In the little traveling I've done, I've noticed that the local road
systems are different all over the country. For example where I live,
In my daily routine I dont get on a highway, freeway, expressway, or
whatever you want to call the road with many lanes of high (>55MPH)
speed traffic with no stop lights. I pass directly by a gas station
every day on my way to and from work. I could pass directly by 3 if I
wanted to, only adding one mile to my route.
I'm sure it takes some people longer to reach a service station than
others, depends on where you live and how you like to get around.
Either way, I dont think EVs are going to be putting many "quick
charge" stations in business. Except for the long distance travelers
(who would have a long distance vehicle anyway), why not charge
"slowly" at home?

-Jon Glauser
http://jonglauser.blogspot.com
http://www.evalbum.com/555

_______________________________________________
General EVDL support: http://evdl.org/help/
Usage guidelines: http://evdl.org/help/index.html#conv
Archives: http://evdl.org/archive/
Subscription options: http://lists.sjsu.edu/mailman/listinfo/ev


----------



## EVDL List (Jul 27, 2007)

*Re: [EVDL] Volt charging stations Shell oil ??*

The closest gas station to my house is 12 miles away. For my car that I
commute to work in, no problem.... I drive right by it every day. But for
the work truck that normally never strays more than about 4 miles from home,
it takes about 45 minutes (and a whole gallon of gas at least) just to go
fill it up...... and electric, sipping electricity every night at my
house, sure would be nice 



> Jon Glauser <[email protected]> wrote:
> 
> > In the little traveling I've done, I've noticed that the local road
> > systems are different all over the country. For example where I live,
> ...


----------



## EVDL List (Jul 27, 2007)

*Re: [EVDL] Volt charging stations Shell oil ??*

Hmm, even if your limited responds ignores solutions that may
soon become reality and can prove that no convenience is lost
when switching from gas to EV?

I agree with the people saying that the 2 min recharge times
are grossly overrated.
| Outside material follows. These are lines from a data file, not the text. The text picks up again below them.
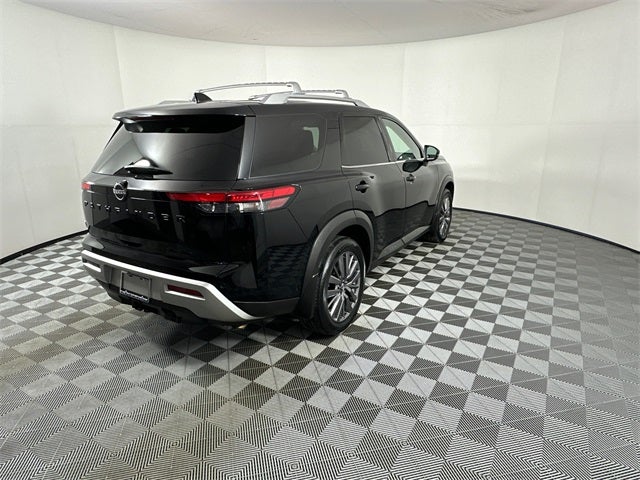2023 Nissan Pathfinder SL Premium Package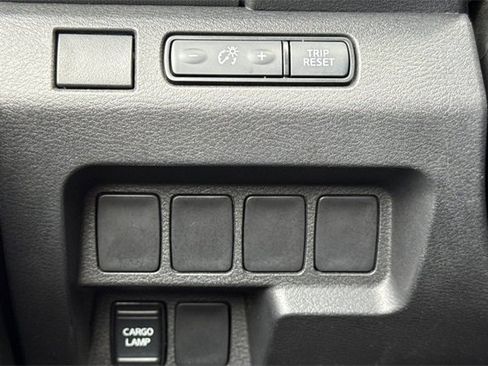 Used 2023 Nissan Frontier SV image 42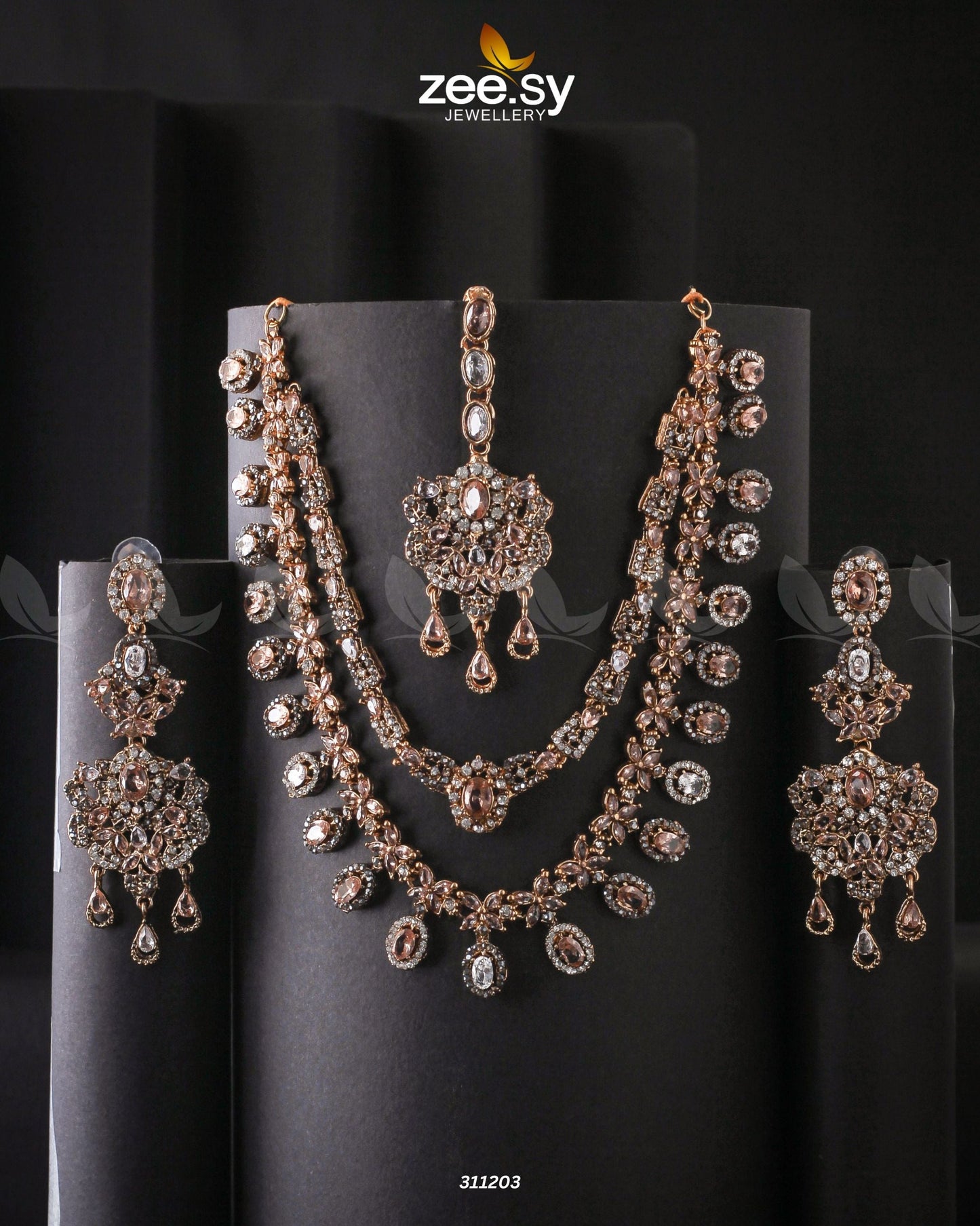 Zarqa Necklace Champagne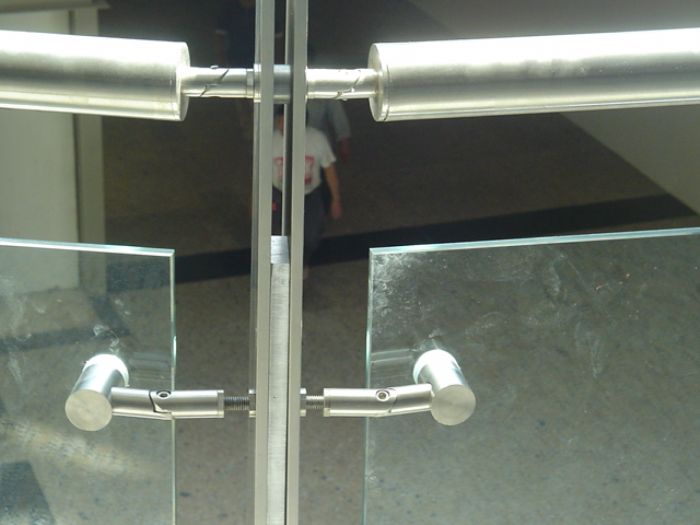 BARANDAL CON CONECTORES ARTICULADOS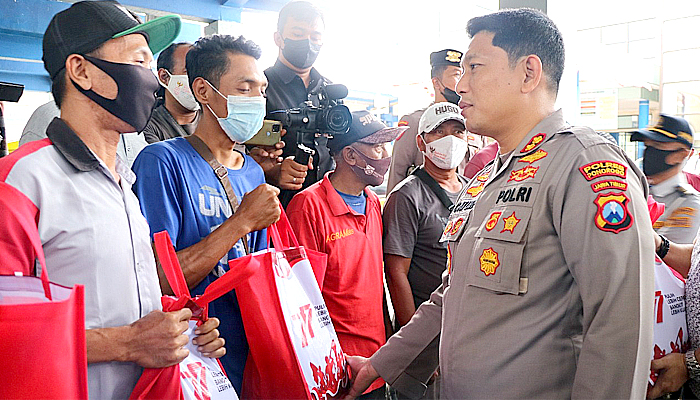 Kapolres Ponorogo serahkan sembako bagi sopir terminal Seloaji.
Almost always will you have much more
time, in fact a fillup from empty to full will cost you way 
more than 2 mins at most gas stations.
But if you occasionally while you are out and about and you
need to do just one more errand while the range does not allow
it, can pull into a quick-fill station, even if they charge 
you triple the amount of a slow home fill ($3 iso $1) but
they could bring your SOC from say 35% to 85% in 5 mins?

240kW still requires a hefty cable, about 500A at 500V but it
can be done. It looks like the Forklift recharge station cable
or so, but then a bit higher voltage.

In case you think that new batteries are needed for this:
even the Classic (2001-2003) Prius' puny 6Ah cells take up to
about 60A regen (at 300+V for about 20 kW electric brake power)
and the next gen (2004+) Prius' cells have upgraded specs, I am
not sure about max current during regen, I just know that the
car has a 200V NiMH battery, still 6Ah, and uses a 500V power rail
with a bi-directional DC/DC converter to transfer from between
motor and battery. I think its electric braking (regen) power is
around 30 kW.
So, let's increase the Prius battery pack 8 times to arrive at
8x6=48kWh and 8x30=240kW.
See that no new inventions are needed to fast-charge an EV?
Just combine the already existing parts in a smart way and
you will automatically get the trade-offs right.
Note that I used numbers I had from old technology, I am sure
that newer Li-Ion can take much higher charge currents, so
the original question may even be relevant - it will just be
a matter of technical feasibility to transfer that much power
without going to extremely high voltage which makes life more
difficult to handle safely... but nothing impossible.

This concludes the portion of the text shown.